The benchmarks certainly run on parallel but each of them are on average 2-3x slower.
Do you know why and how to avoid this ?
Do your machines maybe run faster w.r.t the serial procedure ?

Ofc, the benchmarking results are also inconsistent between the serial and parallel evaluation.

julia> bgresserial = run(bg);

julia> judge(median(bgresserial), median(bgres))
2-element BenchmarkTools.BenchmarkGroup:
  tags: []
  "sum" => 2-element BenchmarkTools.BenchmarkGroup:
          tags: []
          "1d" => 5-element BenchmarkTools.BenchmarkGroup:
                  tags: ["t1"]
                  200 => TrialJudgement(-44.23% => improvement)
                  300 => TrialJudgement(-9.52% => improvement)
                  500 => TrialJudgement(-4.26% => invariant)
                  100 => TrialJudgement(+0.00% => invariant)
                  400 => TrialJudgement(-4.17% => invariant)
          "2d" => 5-element BenchmarkTools.BenchmarkGroup:
                  tags: ["t2"]
                  200 => TrialJudgement(-9.82% => improvement)
                  300 => TrialJudgement(-46.43% => improvement)
                  500 => TrialJudgement(+6.79% => regression)
                  100 => TrialJudgement(+0.72% => invariant)
                  400 => TrialJudgement(+4.73% => invariant)
  "prod" => 5-element BenchmarkTools.BenchmarkGroup:
          tags: ["t3"]
          200 => TrialJudgement(-9.76% => improvement)
          300 => TrialJudgement(-27.14% => improvement)
          500 => TrialJudgement(-1.69% => invariant)
          100 => TrialJudgement(-9.38% => improvement)
          400 => TrialJudgement(-7.69% => improvement)

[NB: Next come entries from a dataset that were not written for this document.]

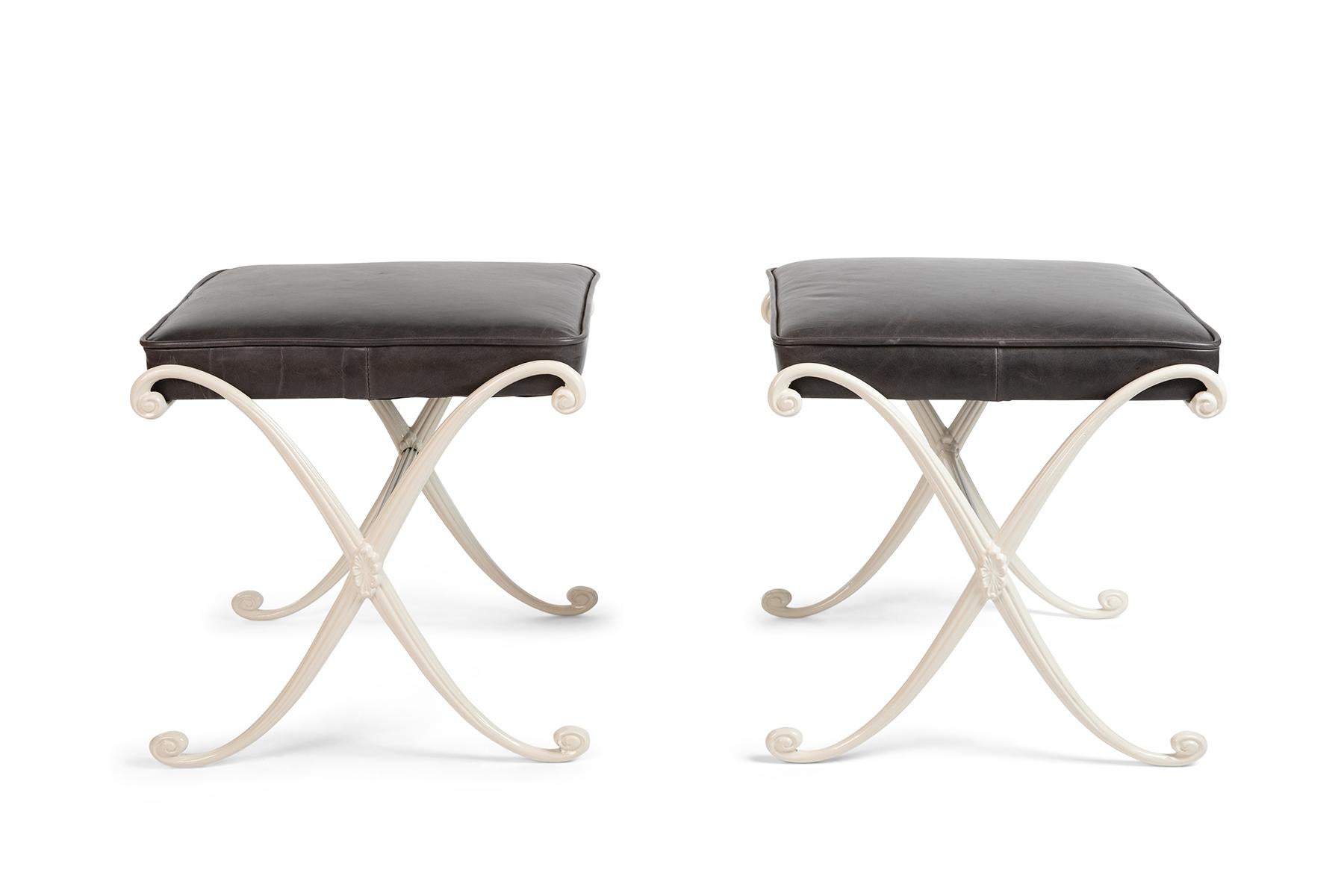Pair of Thinline leather and aluminum ottomans circa early 1960s. These examples have been newly upholstered in a supple charcoal leather and newly powder-coated in ivory.
The stretcher bar on one of these has texture and the other is smooth. Price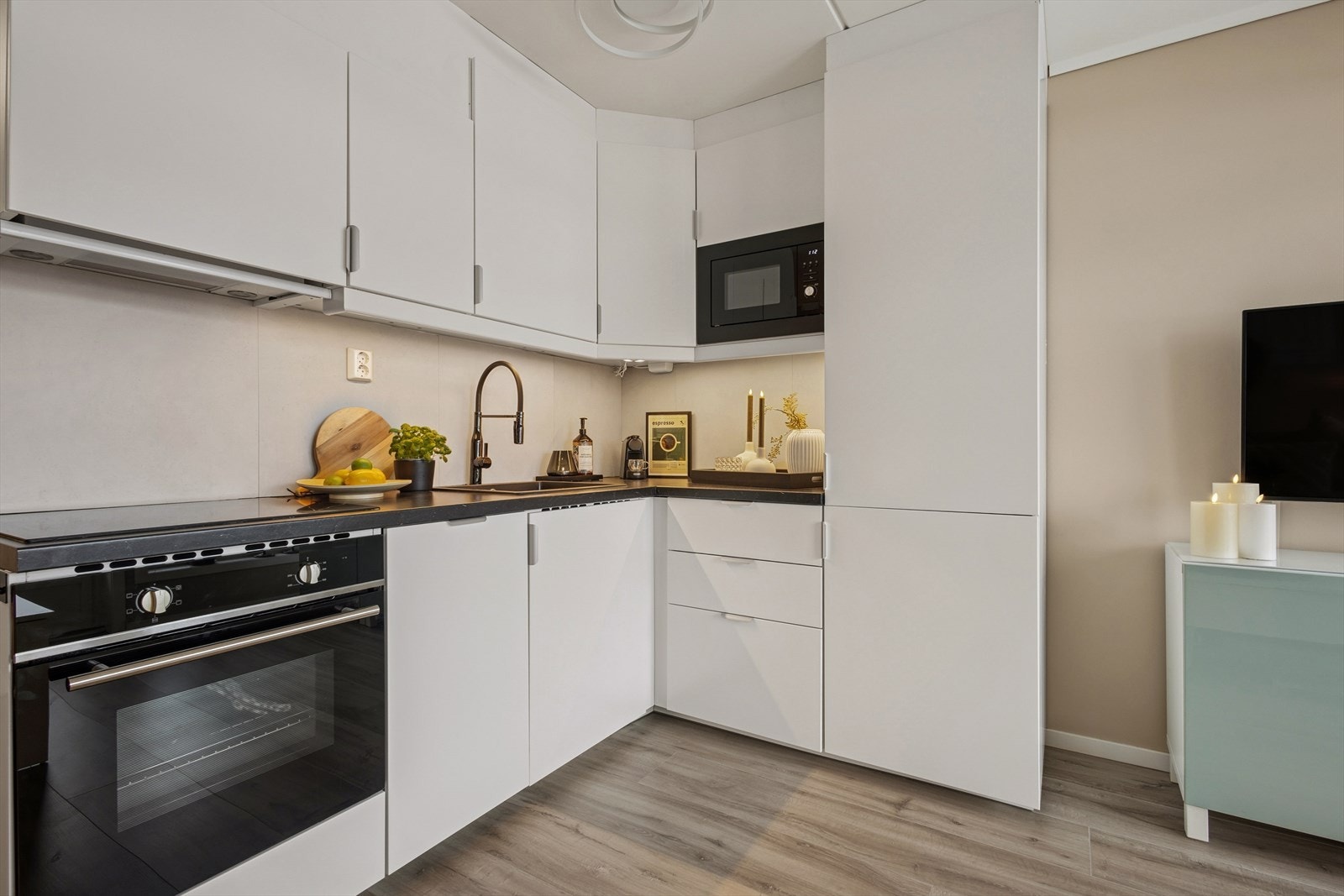 Kjøkkenet har en pen innredning med hvite, glatte fronter og laminert benkeplate med nedfelt kjøkkenkum. Galleribilde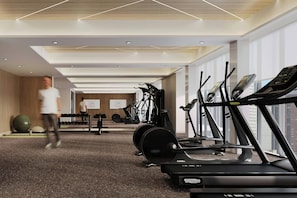 Un gimnasio moderno con cintas de correr, elípticas y pelotas de ejercicio.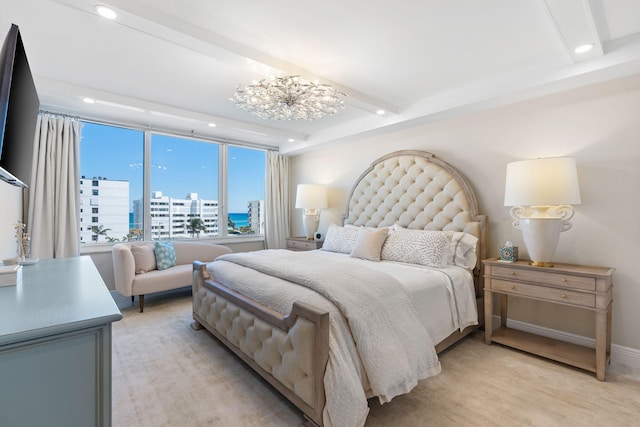 carpeted bedroom with beam ceiling and an inviting chandelier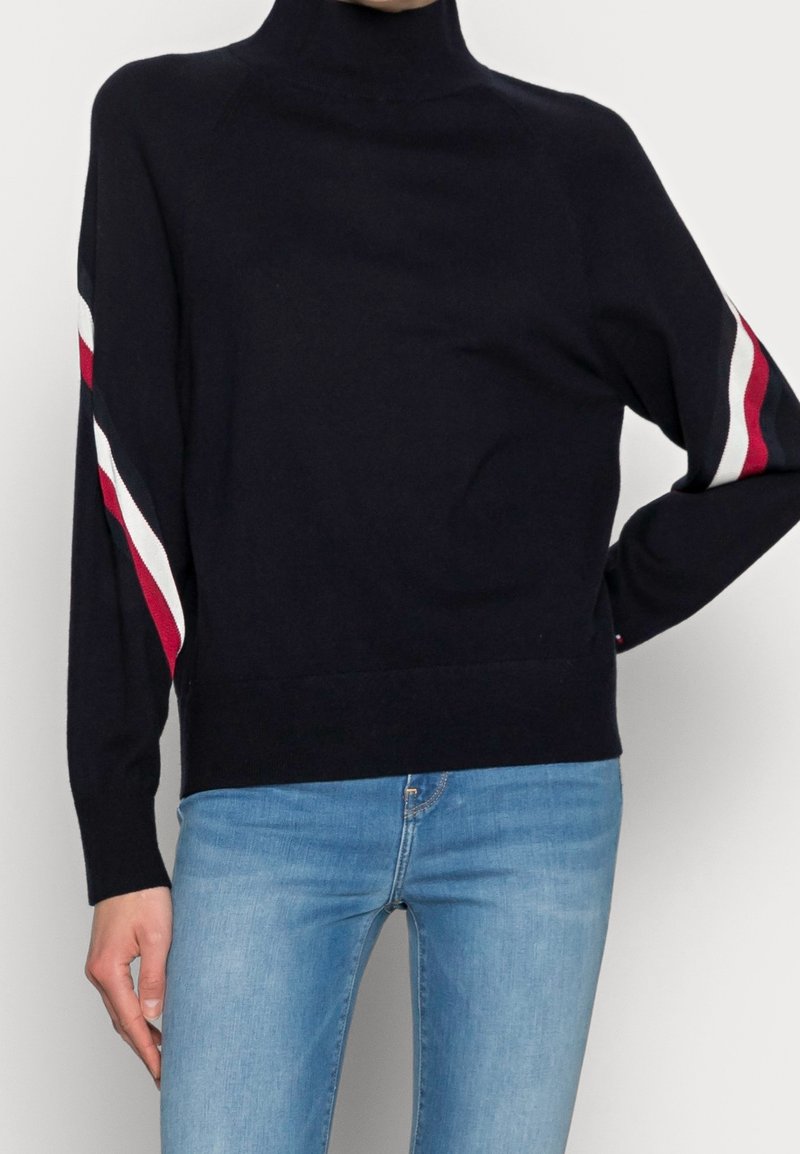 Personne portant un pull à col roulé noir avec des rayures rouges et blanches sur les manches, associé à un jean bleu clair, debout devant un fond uni.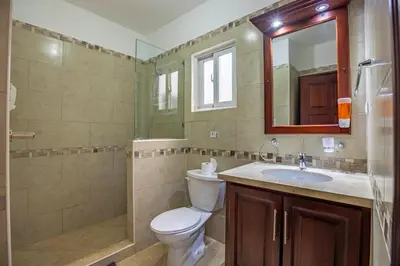 a bathroom with a toilet and a sink and a mirror at Casa Linda Villa 722 - Sosua - BBQ - Washer in Sosúa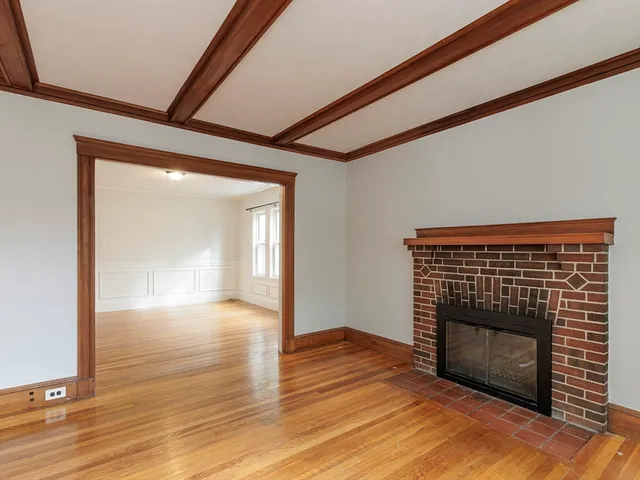 a view of an empty room with wooden floor fireplace and a window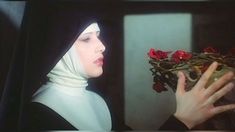 a nun holding flowers in her hand and looking at the viewer's face with both hands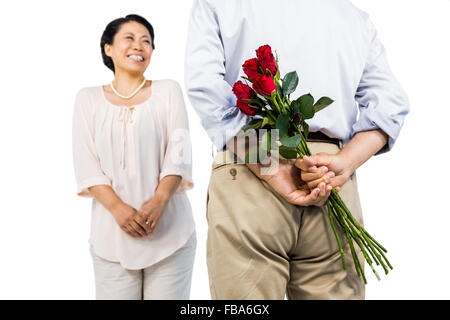 Ältere asiatische paar mit Rosen Stockfoto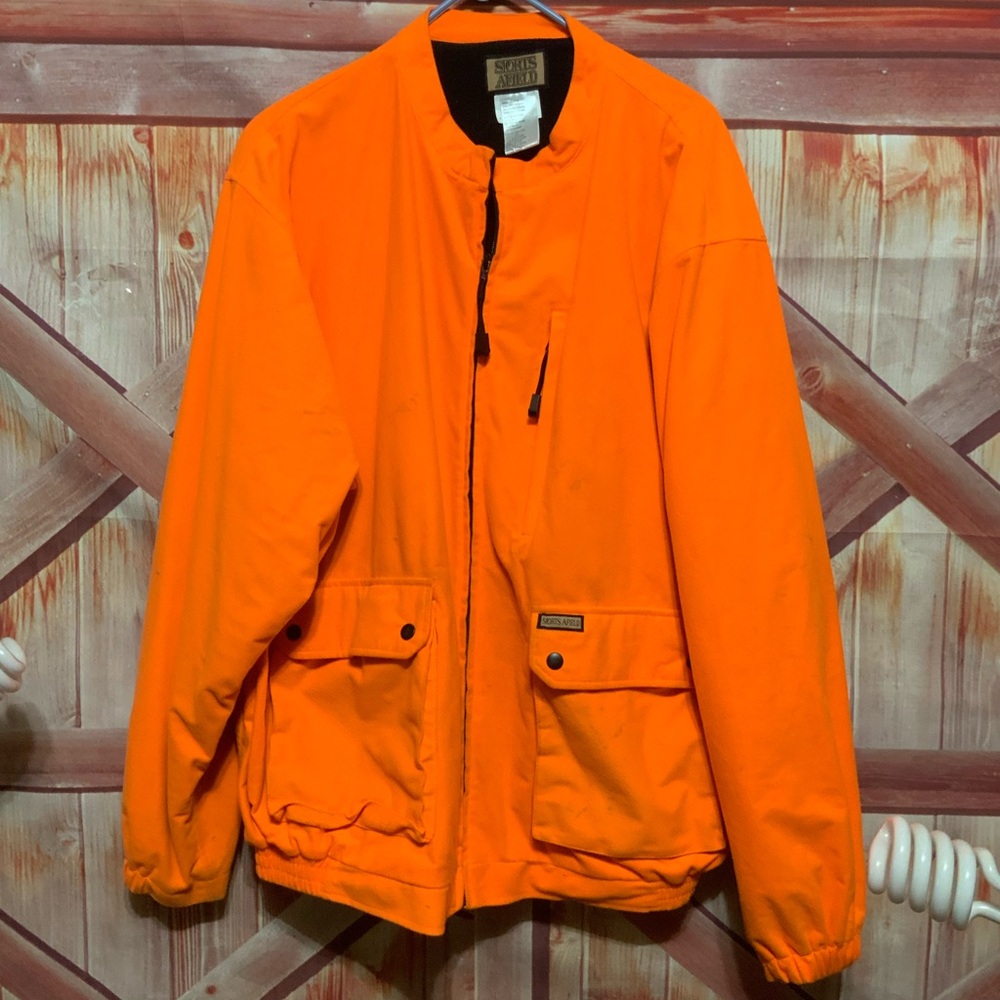 Sports afield. Hunter orange fall coat. Worn and warm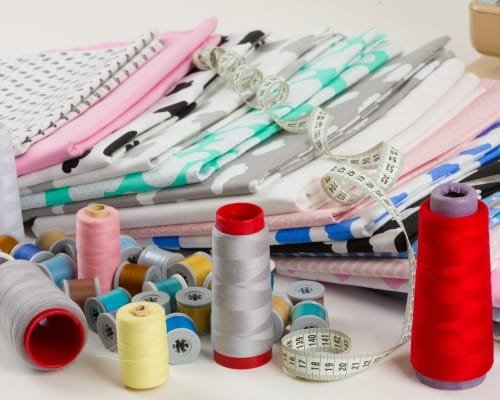 A collection of sewing supplies including colorful spools of thread, neatly folded fabric in pastel shades, and measuring tapes.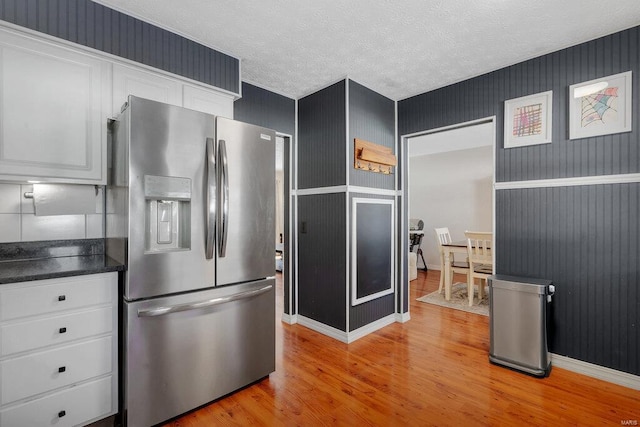 kitchen with white cabinets, stainless steel fridge, a textured ceiling, and light hardwood / wood-style flooring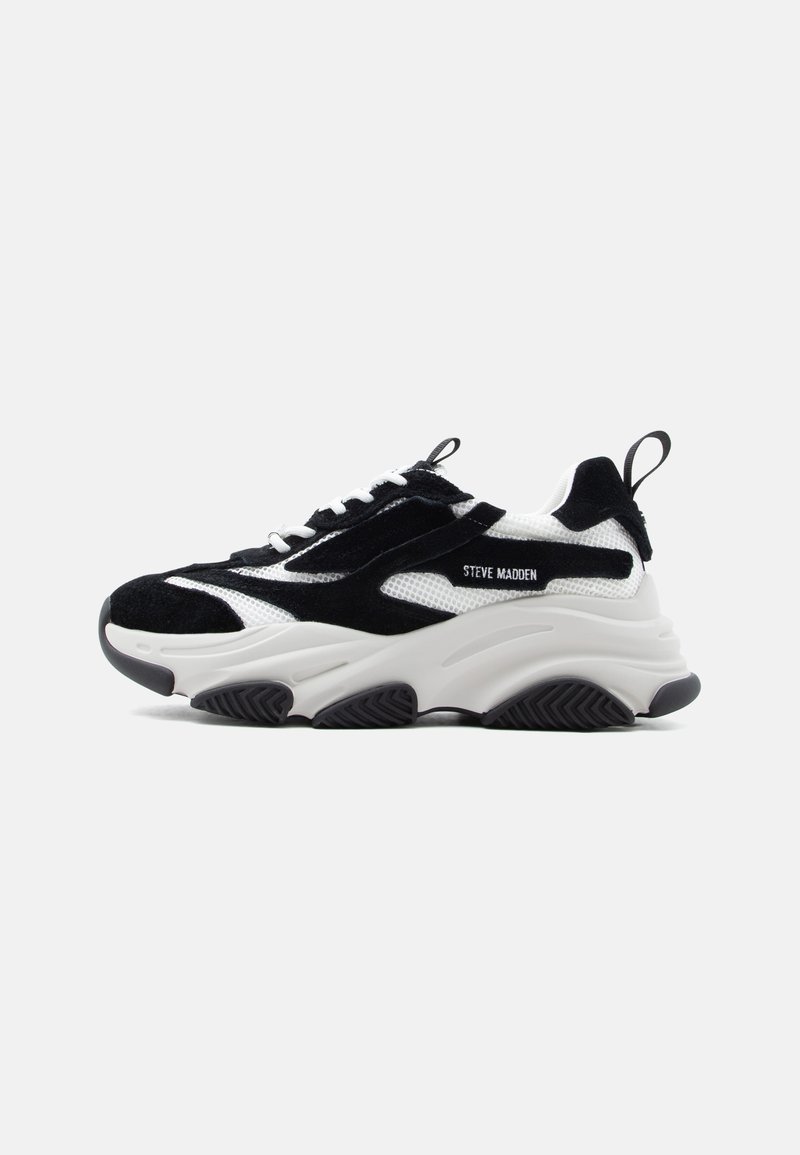 Ασπρόμαυρο αθλητικό παπούτσι Steve Madden με πάνελ από δίχτυ και σουέντ, χοντρή σμιλευμένη σόλα, μαύρες θηλιές και άσπρα κορδόνια, απεικονισμένο από το πλάι.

I also tried using ThreadPinning.jl to pin the threads to separate cores.

using ThreadPinning
pinthreads(:cores)

but it didn’t make a difference.

System settings

$ lscpu
Architecture: x86_64
CPU op-mode(s): 32-bit, 64-bit
Address sizes: 39 bits physical, 48 bits virtual
Byte Order: Little Endian
CPU(s): 12
On-line CPU(s) list: 0-11
Vendor ID: GenuineIntel
Model name: 12th Gen Intel(R) Core™ i5-1235U
CPU family: 6
Model: 154
Thread(s) per core: 2
Core(s) per socket: 10
Socket(s): 1
Stepping: 4
CPU(s) scaling MHz: 66%
CPU max MHz: 4400.0000
CPU min MHz: 400.0000
BogoMIPS: 4992.00
Flags: fpu vme de pse tsc msr pae mce cx8 apic sep mtrr pge mca cmov pat pse36 clflush dts acpi mmx fxsr sse sse2 ss ht tm pbe syscall nx pdpe1gb rdtscp lm constant_tsc art arch_perfmon pebs bts rep_good nopl xtopology nonstop_tsc cpuid aperfmperf tsc_known_freq pni pclmulqdq dtes64 monitor ds_cpl vmx smx est tm2 ssse3 sdbg fma cx16 xtpr pdcm sse4_1 sse4_2 x2apic movbe popcnt tsc_deadline_timer aes xsave avx f16c rdrand lahf_lm abm 3dnowprefetch cpuid_fault epb ssbd ibrs ibpb stibp ibrs_enhanced tpr_shadow vnmi flexpriority ept vpid ept_ad fsgsbase tsc_adjust bmi1 avx2 smep bmi2 erms invpcid rdseed adx smap clflushopt clwb intel_pt sha_ni xsaveopt xsavec xgetbv1 xsaves split_lock_detect avx_vnni dtherm ida arat pln pts hwp hwp_notify hwp_act_window hwp_epp hwp_pkg_req hfi umip pku ospke waitpkg gfni vaes vpclmulqdq rdpid movdiri movdir64b fsrm md_clear serialize arch_lbr ibt flush_l1d arch_capabilities
Virtualization features:
Virtualization: VT-x
Caches (sum of all):
L1d: 352 KiB (10 instances)
L1i: 576 KiB (10 instances)
L2: 6.5 MiB (4 instances)
L3: 12 MiB (1 instance)
NUMA:
NUMA node(s): 1
NUMA node0 CPU(s): 0-11
Vulnerabilities:
Gather data sampling: Not affected
Itlb multihit: Not affected
L1tf: Not affected
Mds: Not affected
Meltdown: Not affected
Mmio stale data: Not affected
Retbleed: Not affected
Spec rstack overflow: Not affected
Spec store bypass: Mitigation; Speculative Store Bypass disabled via prctl
Spectre v1: Mitigation; usercopy/swapgs barriers and __user pointer sanitization
Spectre v2: Mitigation; Enhanced IBRS, IBPB conditional, RSB filling, PBRSB-eIBRS SW sequence
Srbds: Not affected
Tsx async abort: Not affected

julia> ThreadPinning.threadinfo()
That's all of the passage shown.